Perang Rusia-Ukraina berdampak kepada Indonesia mulai dari BBM, kenaikan harga bahan makanan hingga hilangnya potensi ekspor. Produsen makanan mengeluhkan harga bahan makanan yang naik, tak hanya itu petani di pelosok daerah terancam merufi karena harga pupuk melambung tinggi.
Pada diskusi LPPI Virtual Seminar #76 : Krisis Geopolitik dan Dampaknya pada Perekonomian Indonesia, Selasa (31/5) Direktur Jenderal Amerika dan Eropa Kementerian Luar Negeri I Gede Ngurah Swajaya mengingatkan perang Rusia-Ukraina bisa membuat masyarakat Indonesia terancam.
“Ada satu hal yang sangat mengancam rakyat Indonesia, khususnya terkait ketahanan pangan, yakni sebagian besar supply untuk produksi pupuk Indonesia berasal dari Belarusia dan Rusia,” katanya.
Berdasarkan data Badan Pusat Statistik (BPS), pupuk adalah tiga komoditas utama yang diimpor Indonesia dari Rusia selain besi dan baja serta bahan bakar mineral.

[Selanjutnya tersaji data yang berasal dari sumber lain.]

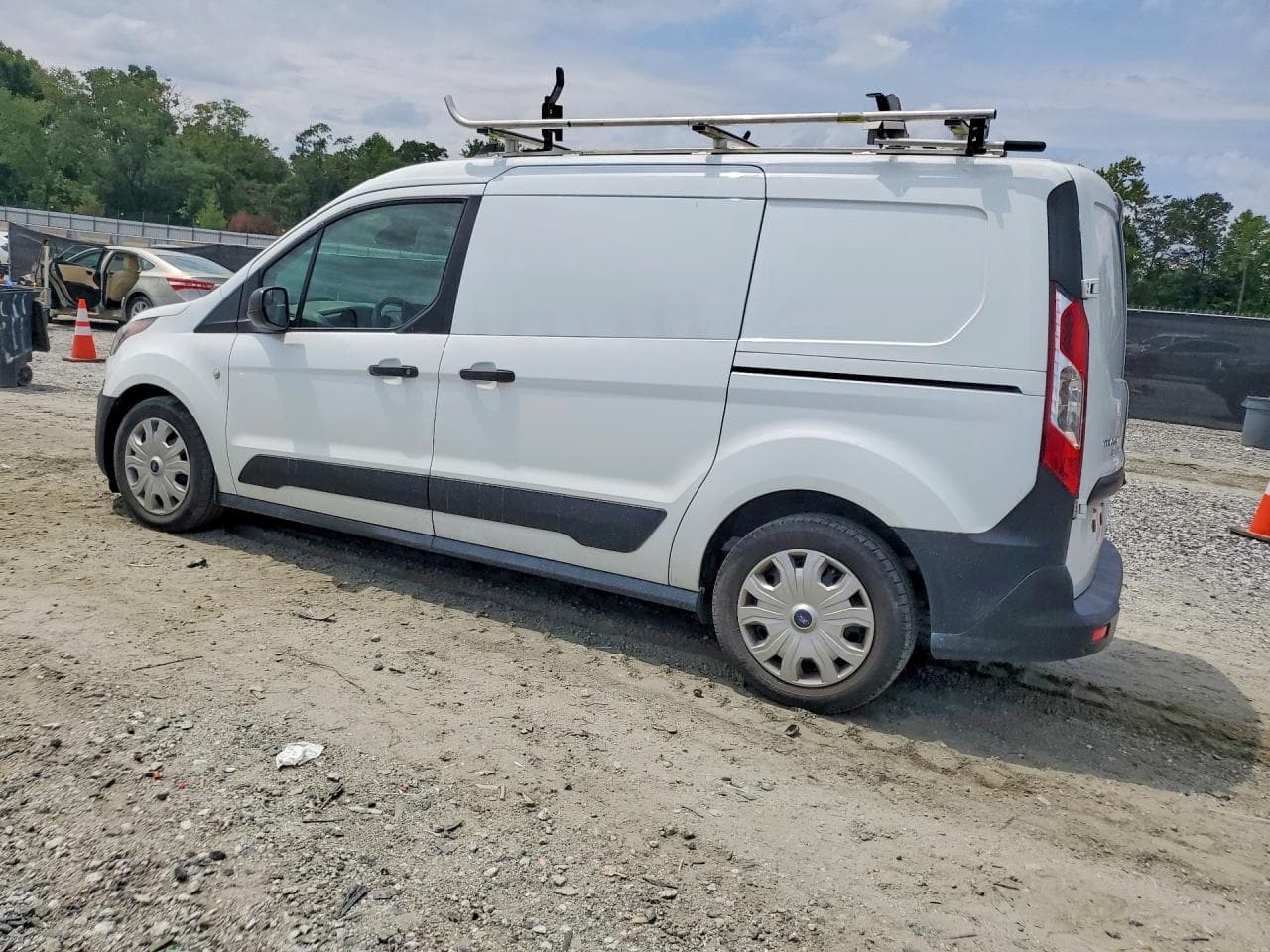 2020 Ford Transit Connect Xl - foto 2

Pada 2021, Indonesia mengimpor pupuk senilai US$ 326,1 juta dari Rusia sementara pada Januari-Februari tahun ini sebesar US$ 95,6 juta.
I Gede Ngurah mengatakan impor pupuk dari Rusia memang masih bisa dilakukan di tengah konflik. Pupuk juga tidak masuk dalam komoditas yang dikenai sanksi. Namun, perang membuat sebagian jalur diblokade sehingga jalur logistik terganggu.
“Secara logistik kemampuan Indonesia untuk mendatangkan pupuk ataupun pangan dari wilayah konflik juga menjadi hambatan yang luar biasa,” tambahnya.
Pada kesempatan lain, Antoni Tampubolon, Praktisi Transportasi, Logistik dan Ekspor Impor mengakui bahwa perang membuat Indonesia terkendala perihal logistik. “Indonesia memang belum bisa 100 persen mandiri, baik dari sisi pangan hingga energi. Kita masih tergantung barang import. Lalu apakah bisa mengurangi ketergantungan dari import tersebut? Jawaban ini bisa menjadi strategi dalam hal logistik,” katanya.
“Pada prinsipnya kita punya sumber daya yang cukup untuk memenuhi semua kebutuhan, namun belum di eksplorasi lebih jauh. Penggunaan pangan masih ada yang import dari beberapa negara, misalna biji gandum dari Ukraina. Kita perlu melakukan pemetaan dulu mana saja, apa saja yang kira-kira bisa kita produksi dengan optimal dan efisien, dan mana yang tidak sesuai dengan kondisi negara kita. Jadi tidak ujug-ujug karena perang memberikan respon karena kita langsung memberikan satu kebijakan tegas . Jadi kita harus pahm dulu siapa kita,” pesan Antoni.
“Pemetaan terhadap segala kebutuhan, baik pangan hingga energi dan lainnya secara realtime. Bukan berdasarkan asumsi saja. Jadi harus memiliki database dulu terkait kebutuhan dari industri dan masyarakat. Ini harus jelas semua, baru dilakukan kajian analisa. Ini memang pekerjaan berat. Tapi saat ini sudah bisa dengan sistem yang marak dikembangkan,” lanjut Antoni.
“Kita sudah memiliki itu, dengan sistem logistik nasional yang dikembangkan berbasis data realtime. Kita benahi Sislognas ini menjadi lebih efisien. Kalau perlu ditingkatkan tidak hanya sebatas sistem saja. Tetapi menjadi regulasi supaya kuat penerapannya, misal peraturan pemerintah atau undang-undang. Jadi semua komoditi didata dari desa, kecamatan, hingga kota lalu dipelajari supply chain dan simpulnya baru dibuat pemetaan melalui sistem logistik nasional untuk bisa memenuhi kebutuhan secara efisien,” pungkas Antoni.